Recorded information -
-=-=-=-=-

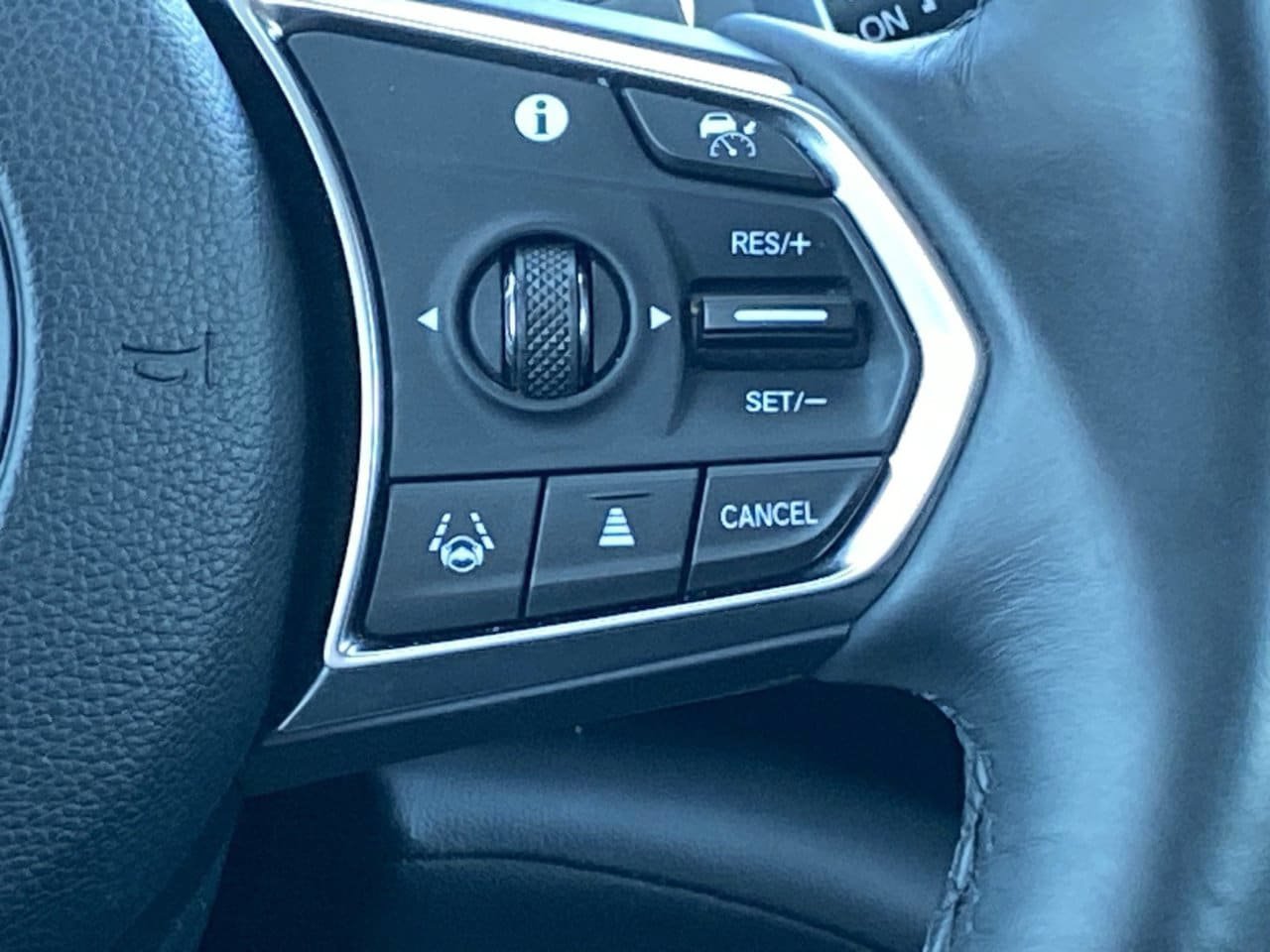 Used 2024 Acura MDX w/ Technology Package FWD image 29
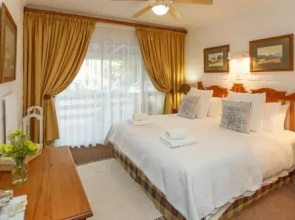 Raw Karoo Guest House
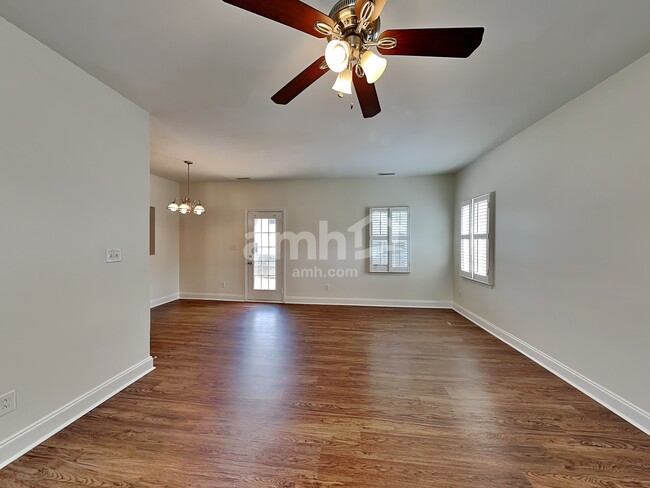 Building Photo - 5902 Carolina Manor Ct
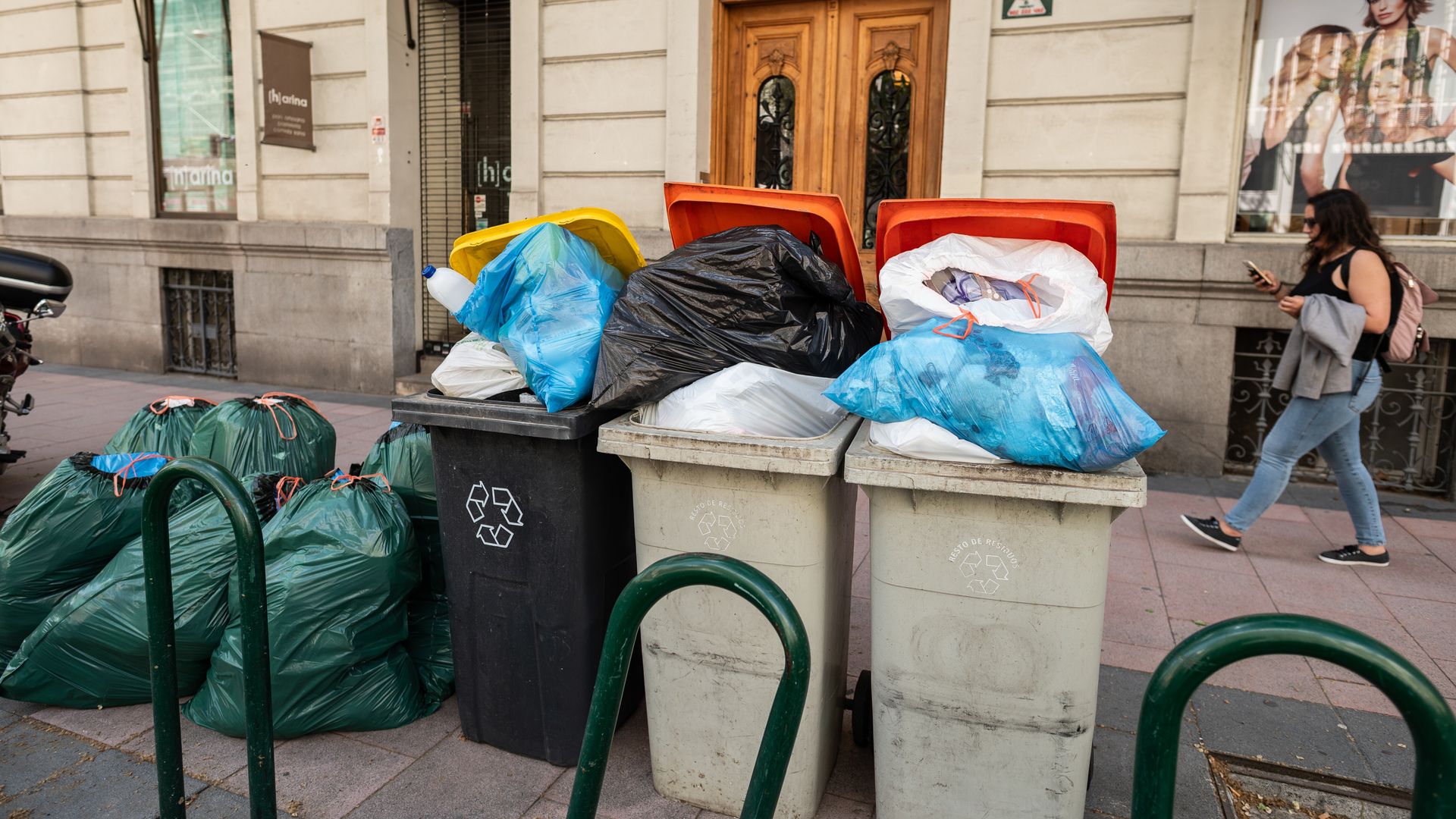 La polémica tasa de basuras en Madrid se puede reclamar: cómo hacerlo ...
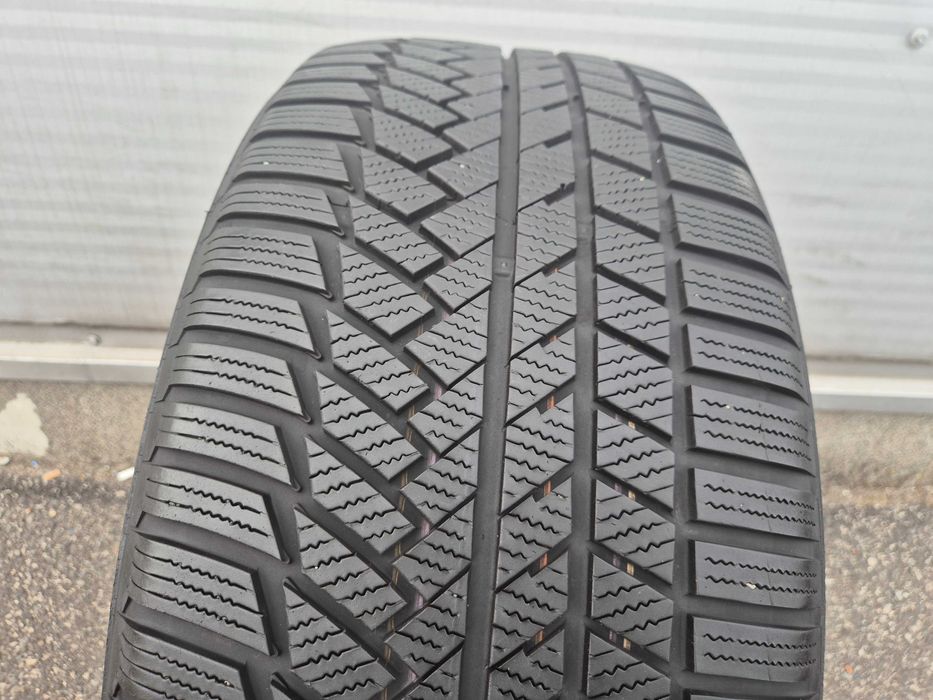 1x OPONA ZIMOWA 285/45/21 Continental Wint.Cont. 850P 113V XL 7MM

-=-=-=-=-

Work to be completed - The required output is the listing above reproduced exactly, pictures removed.

Reply -
 Used 2024 Acura MDX w/ Technology Package FWD image 29
 Raw Karoo Guest House
 Building Photo - 5902 Carolina Manor Ct
 La polémica tasa de basuras en Madrid se puede reclamar: cómo hacerlo ...
 1x OPONA ZIMOWA 285/45/21 Continental Wint.Cont. 850P 113V XL 7MM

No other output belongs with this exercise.